The data:
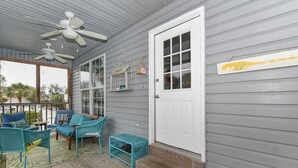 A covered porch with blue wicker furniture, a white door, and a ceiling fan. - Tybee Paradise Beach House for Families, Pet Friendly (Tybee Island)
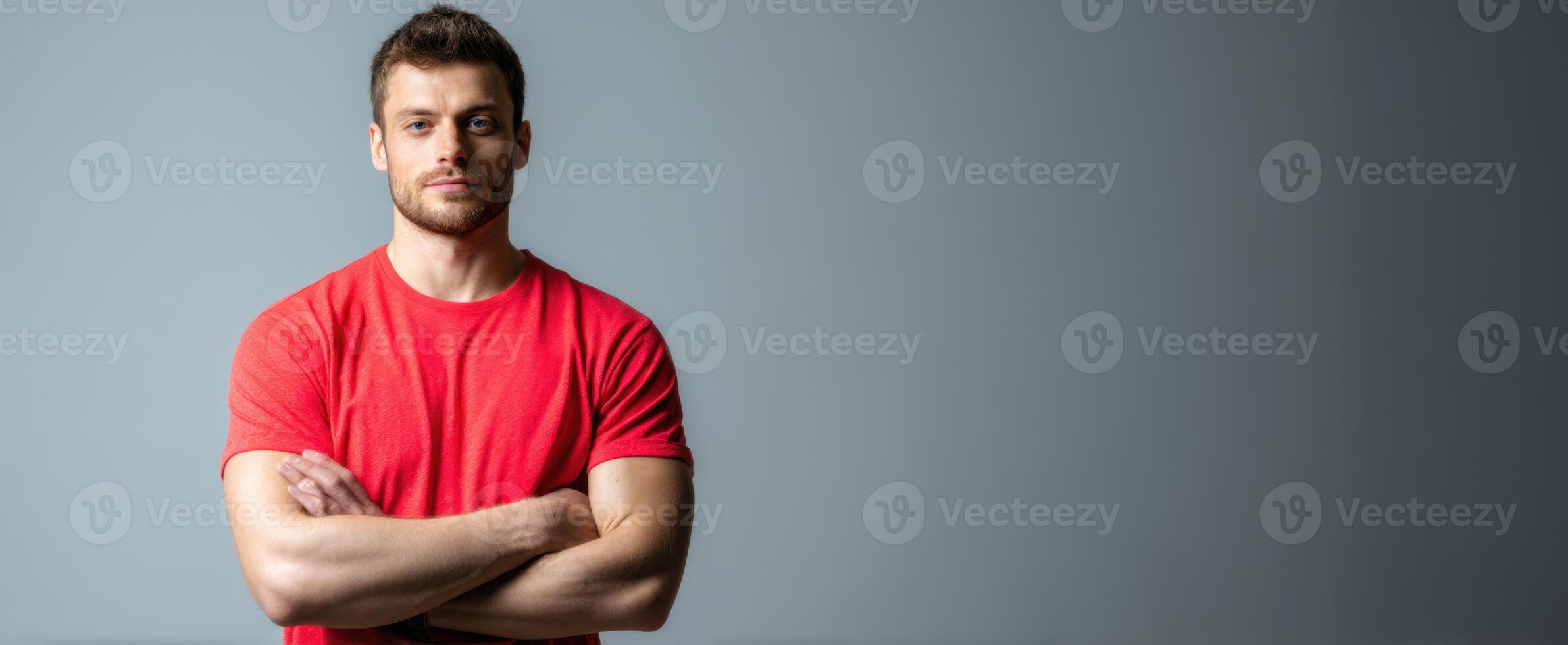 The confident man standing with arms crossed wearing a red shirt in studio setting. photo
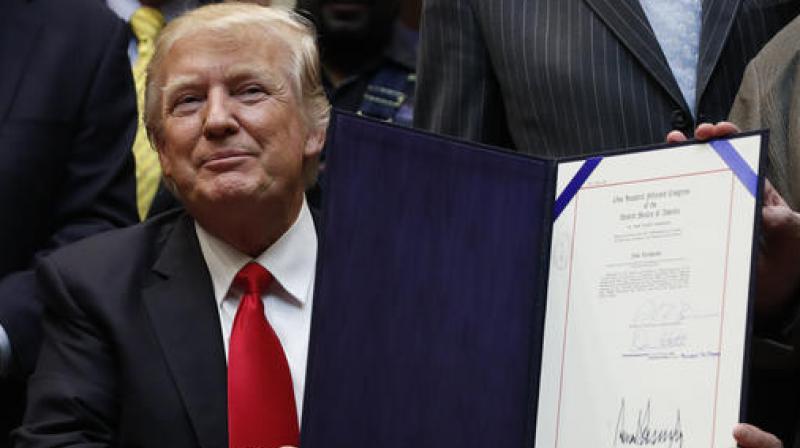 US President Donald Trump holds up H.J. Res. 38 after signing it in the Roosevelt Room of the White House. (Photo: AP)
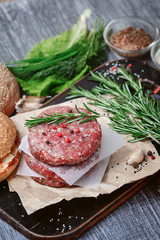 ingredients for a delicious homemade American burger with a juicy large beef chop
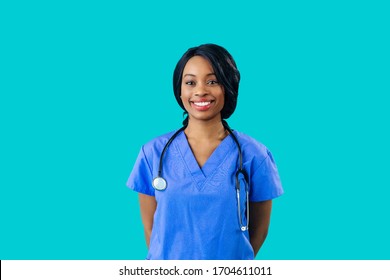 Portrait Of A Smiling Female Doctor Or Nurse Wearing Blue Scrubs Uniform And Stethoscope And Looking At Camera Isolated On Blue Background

What you need to do: Please reproduce the listing exactly, leaving out any pictures.

Exercise output:
 A covered porch with blue wicker furniture, a white door, and a ceiling fan. - Tybee Paradise Beach House for Families, Pet Friendly (Tybee Island)
 The confident man standing with arms crossed wearing a red shirt in studio setting. photo
 US President Donald Trump holds up H.J. Res. 38 after signing it in the Roosevelt Room of the White House. (Photo: AP)
 ingredients for a delicious homemade American burger with a juicy large beef chop
 Portrait Of A Smiling Female Doctor Or Nurse Wearing Blue Scrubs Uniform And Stethoscope And Looking At Camera Isolated On Blue Background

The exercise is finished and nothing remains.